## ACTION ITEM
In this exercise, copy exactly the lines from the one that contains "Red 2716-10-0030 Lwl-Duplex" through the end of the entries below; pictures are not copied.

Records contained in a dataset
+ + + +

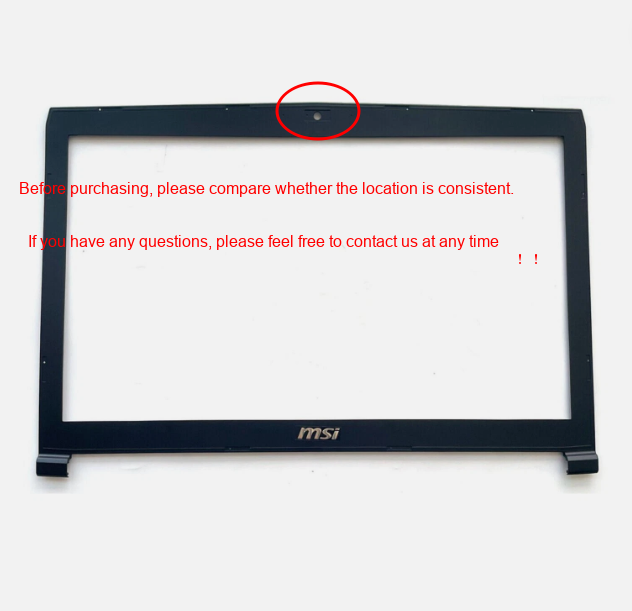MS 1795 Top LCD Back Cover Bezel Black for MSI GL72 GP72 MS 1796 MS 179B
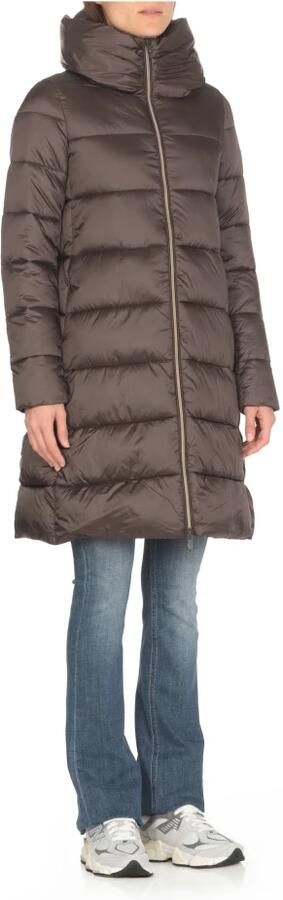 SAVE THE DUCK Gewatteerde lange jas met capuchon model 'LYSA' - Foto 4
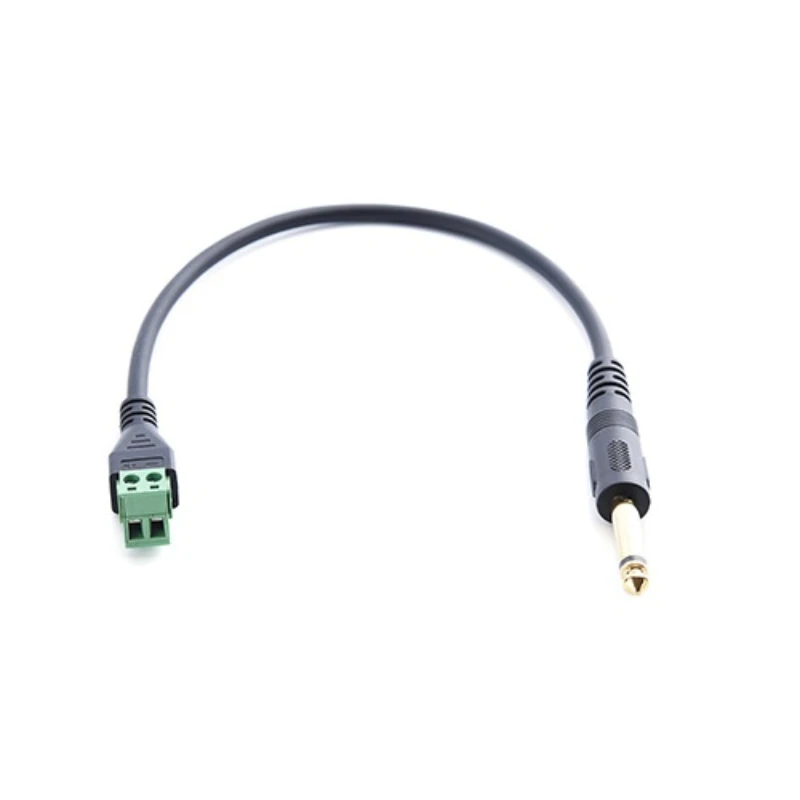 

Pluggable Microphone Type Adapter Cable 10pcs/lot Audio Mono Male to 2 Pole Female Bolt Screw Shield terminals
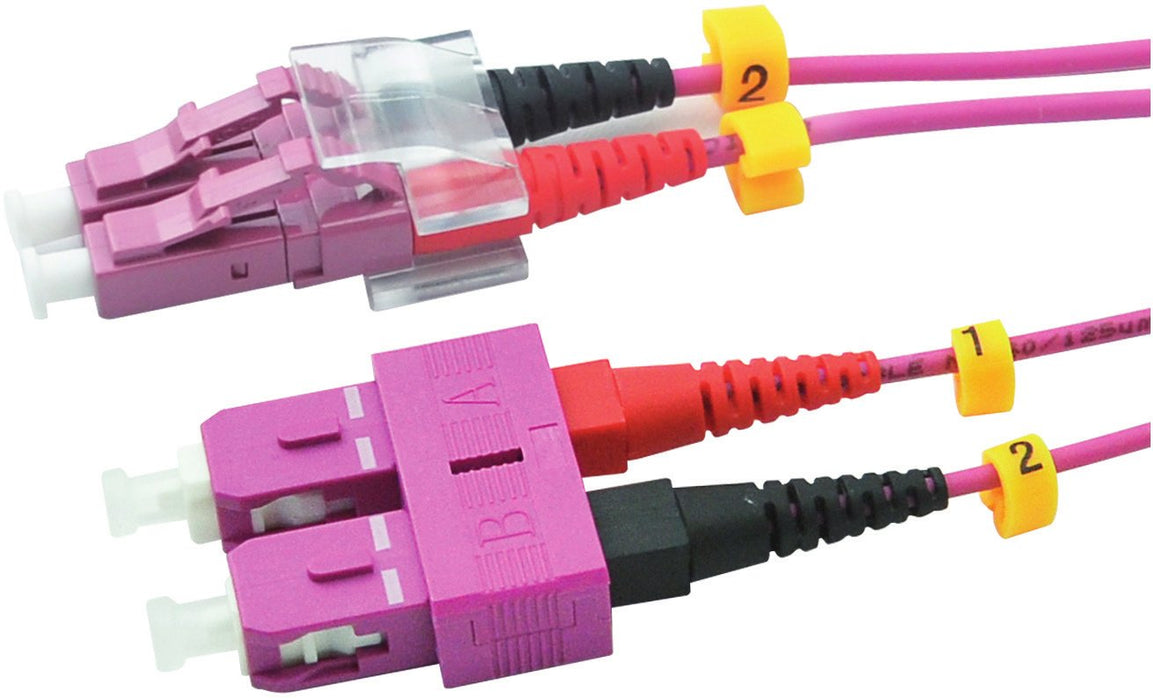 Red 2716-10-0030 Lwl-Duplex Cable De Red Lc Sc 10,0m Om4 Violett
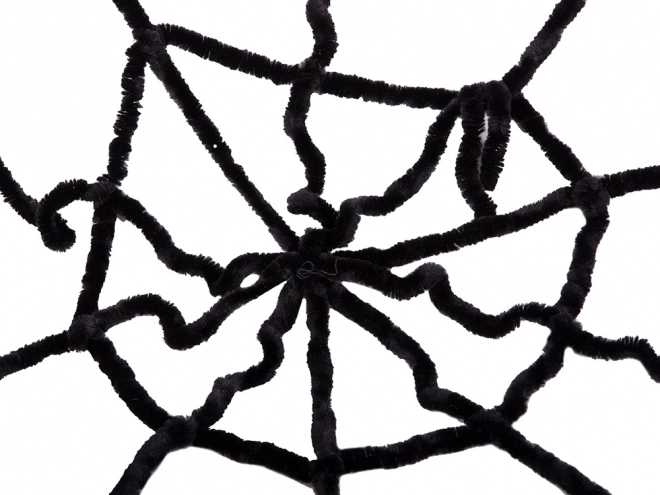 Fausse toile d'araignée noire pour Halloween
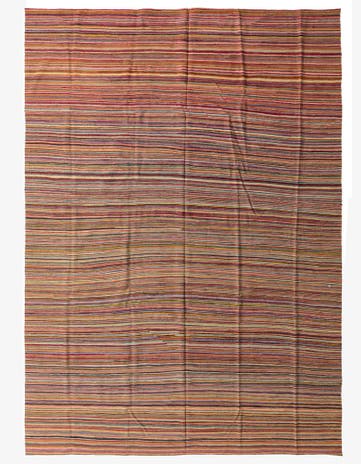 10' 1 x 14' Hand Woven Kilim Modern Wool Rug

+ + + +

## EXERCISE SOLUTION
 Red 2716-10-0030 Lwl-Duplex Cable De Red Lc Sc 10,0m Om4 Violett
 Fausse toile d'araignée noire pour Halloween
 10' 1 x 14' Hand Woven Kilim Modern Wool Rug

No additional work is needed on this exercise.